**PROBLEM DESCRIPTION:**
Wherever "Printed" appears in the records below, copy the line that holds it.

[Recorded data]
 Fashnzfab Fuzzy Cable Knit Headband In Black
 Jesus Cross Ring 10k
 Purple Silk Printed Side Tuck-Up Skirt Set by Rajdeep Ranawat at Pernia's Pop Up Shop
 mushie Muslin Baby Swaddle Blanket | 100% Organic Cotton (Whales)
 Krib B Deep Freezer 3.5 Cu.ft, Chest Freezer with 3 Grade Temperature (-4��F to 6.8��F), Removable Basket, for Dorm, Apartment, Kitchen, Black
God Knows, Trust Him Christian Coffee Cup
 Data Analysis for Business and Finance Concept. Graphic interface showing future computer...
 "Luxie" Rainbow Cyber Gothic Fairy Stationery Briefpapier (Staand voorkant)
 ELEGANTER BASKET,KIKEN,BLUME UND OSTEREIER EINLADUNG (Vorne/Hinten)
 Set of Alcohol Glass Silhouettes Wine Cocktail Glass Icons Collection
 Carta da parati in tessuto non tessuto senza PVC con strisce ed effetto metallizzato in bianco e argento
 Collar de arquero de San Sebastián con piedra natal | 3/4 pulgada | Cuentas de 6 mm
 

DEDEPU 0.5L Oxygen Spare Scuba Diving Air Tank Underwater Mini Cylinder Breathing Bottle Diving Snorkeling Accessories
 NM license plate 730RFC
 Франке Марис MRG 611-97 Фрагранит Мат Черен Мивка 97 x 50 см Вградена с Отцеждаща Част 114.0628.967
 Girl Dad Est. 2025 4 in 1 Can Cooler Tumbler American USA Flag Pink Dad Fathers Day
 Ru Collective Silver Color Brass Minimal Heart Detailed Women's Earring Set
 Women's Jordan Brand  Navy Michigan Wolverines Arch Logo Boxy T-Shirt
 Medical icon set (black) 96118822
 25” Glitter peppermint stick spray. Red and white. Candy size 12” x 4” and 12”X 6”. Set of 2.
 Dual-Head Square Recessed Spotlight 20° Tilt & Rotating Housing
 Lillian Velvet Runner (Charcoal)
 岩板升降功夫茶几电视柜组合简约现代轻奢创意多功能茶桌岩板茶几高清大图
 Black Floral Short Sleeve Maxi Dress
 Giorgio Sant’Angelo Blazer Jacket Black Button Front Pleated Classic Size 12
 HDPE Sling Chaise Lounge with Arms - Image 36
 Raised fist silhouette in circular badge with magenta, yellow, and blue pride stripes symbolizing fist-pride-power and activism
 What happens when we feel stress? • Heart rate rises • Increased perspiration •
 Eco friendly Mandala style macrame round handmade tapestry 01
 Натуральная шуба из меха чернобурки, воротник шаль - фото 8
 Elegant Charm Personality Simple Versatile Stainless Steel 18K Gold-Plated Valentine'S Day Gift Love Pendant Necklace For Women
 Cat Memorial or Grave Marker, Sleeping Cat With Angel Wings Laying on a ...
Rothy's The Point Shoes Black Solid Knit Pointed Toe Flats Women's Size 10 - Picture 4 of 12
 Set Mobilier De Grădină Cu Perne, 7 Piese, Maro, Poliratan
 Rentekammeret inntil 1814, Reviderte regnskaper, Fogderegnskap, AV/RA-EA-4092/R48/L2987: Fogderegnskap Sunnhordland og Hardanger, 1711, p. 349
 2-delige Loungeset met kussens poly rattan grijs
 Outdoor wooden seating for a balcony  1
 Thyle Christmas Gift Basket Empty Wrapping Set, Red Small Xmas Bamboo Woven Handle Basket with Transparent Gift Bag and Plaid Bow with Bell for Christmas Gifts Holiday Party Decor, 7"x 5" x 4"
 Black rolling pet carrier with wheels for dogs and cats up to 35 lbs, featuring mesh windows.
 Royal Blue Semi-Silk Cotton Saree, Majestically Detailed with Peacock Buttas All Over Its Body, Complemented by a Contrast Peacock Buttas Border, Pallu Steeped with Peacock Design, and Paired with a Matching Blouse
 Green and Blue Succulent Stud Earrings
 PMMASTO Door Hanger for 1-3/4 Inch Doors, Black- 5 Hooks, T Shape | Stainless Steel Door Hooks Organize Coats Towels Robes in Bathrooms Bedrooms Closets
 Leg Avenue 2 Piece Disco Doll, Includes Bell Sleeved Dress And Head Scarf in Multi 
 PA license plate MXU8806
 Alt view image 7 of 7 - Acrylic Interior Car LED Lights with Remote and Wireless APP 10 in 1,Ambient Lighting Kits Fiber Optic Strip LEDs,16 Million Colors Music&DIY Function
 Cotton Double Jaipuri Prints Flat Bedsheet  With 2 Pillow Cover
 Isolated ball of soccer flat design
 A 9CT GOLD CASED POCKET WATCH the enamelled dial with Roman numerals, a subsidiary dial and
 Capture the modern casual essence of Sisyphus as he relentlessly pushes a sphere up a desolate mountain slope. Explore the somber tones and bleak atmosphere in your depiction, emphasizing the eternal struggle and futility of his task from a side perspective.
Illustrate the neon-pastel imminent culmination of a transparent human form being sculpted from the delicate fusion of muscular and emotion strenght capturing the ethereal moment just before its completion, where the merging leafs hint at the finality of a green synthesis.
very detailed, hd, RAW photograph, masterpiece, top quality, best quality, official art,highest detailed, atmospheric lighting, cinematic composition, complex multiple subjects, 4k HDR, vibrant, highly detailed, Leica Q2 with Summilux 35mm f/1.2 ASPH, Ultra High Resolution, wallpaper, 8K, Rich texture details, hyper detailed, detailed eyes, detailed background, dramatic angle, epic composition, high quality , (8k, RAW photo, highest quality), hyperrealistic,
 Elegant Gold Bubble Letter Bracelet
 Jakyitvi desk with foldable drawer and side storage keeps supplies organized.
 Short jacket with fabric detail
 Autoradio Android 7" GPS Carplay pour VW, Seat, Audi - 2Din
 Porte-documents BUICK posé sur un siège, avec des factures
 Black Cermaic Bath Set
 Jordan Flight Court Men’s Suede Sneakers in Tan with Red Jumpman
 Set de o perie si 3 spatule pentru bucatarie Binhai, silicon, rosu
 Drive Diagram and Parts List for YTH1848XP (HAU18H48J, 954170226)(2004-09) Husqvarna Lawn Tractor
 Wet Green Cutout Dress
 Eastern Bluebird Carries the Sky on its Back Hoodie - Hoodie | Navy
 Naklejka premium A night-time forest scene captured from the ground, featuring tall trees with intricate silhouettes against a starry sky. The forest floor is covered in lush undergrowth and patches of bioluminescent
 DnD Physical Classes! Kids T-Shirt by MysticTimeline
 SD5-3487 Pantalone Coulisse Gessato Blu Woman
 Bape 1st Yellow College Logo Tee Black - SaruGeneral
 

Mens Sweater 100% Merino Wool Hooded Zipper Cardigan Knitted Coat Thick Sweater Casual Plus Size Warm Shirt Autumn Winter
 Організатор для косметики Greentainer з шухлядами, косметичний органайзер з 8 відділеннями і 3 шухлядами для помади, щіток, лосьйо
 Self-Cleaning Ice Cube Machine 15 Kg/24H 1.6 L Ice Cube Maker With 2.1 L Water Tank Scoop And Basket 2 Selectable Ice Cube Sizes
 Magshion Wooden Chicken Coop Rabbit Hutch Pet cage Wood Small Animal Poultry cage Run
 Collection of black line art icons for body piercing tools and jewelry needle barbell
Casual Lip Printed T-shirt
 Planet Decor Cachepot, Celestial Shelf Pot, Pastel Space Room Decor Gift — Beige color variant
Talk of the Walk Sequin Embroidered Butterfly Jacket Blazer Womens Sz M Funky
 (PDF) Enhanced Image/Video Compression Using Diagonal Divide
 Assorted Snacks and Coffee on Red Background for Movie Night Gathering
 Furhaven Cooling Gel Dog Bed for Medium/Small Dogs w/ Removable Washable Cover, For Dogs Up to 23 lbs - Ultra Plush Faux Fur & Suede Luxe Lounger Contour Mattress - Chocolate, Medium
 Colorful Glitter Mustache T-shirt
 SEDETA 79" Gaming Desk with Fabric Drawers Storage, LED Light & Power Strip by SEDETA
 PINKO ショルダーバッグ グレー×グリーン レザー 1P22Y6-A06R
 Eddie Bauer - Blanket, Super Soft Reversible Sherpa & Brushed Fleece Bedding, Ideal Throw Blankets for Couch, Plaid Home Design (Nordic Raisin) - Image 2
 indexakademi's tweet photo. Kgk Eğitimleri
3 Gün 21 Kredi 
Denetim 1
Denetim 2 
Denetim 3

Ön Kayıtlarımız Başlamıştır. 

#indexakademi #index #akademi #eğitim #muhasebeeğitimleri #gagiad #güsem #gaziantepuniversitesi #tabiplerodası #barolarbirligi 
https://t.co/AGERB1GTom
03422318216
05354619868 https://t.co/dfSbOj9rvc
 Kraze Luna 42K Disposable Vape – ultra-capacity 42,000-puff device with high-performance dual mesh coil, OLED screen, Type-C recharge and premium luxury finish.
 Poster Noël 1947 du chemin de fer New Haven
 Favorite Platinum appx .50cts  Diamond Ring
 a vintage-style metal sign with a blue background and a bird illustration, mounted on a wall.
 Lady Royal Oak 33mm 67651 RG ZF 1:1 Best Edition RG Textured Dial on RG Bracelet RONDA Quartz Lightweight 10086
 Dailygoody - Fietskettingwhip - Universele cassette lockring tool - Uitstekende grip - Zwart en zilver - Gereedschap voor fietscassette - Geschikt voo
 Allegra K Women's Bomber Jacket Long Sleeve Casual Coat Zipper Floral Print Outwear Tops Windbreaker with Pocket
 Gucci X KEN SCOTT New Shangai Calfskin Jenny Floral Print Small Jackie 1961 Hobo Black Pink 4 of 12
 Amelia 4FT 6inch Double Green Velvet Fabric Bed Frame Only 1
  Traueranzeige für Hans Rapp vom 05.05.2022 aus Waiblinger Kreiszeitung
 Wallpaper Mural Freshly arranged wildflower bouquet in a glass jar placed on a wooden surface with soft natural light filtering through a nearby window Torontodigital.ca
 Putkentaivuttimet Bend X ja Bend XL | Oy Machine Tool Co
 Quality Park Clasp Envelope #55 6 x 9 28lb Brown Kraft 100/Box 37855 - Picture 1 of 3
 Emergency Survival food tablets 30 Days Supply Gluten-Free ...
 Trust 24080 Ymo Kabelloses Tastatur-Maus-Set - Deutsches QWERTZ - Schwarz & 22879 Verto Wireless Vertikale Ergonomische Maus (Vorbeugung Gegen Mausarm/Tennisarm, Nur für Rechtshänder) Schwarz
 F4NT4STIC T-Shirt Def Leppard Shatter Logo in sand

**ANSWER SECTION:**
 Purple Silk Printed Side Tuck-Up Skirt Set by Rajdeep Ranawat at Pernia's Pop Up Shop
Casual Lip Printed T-shirt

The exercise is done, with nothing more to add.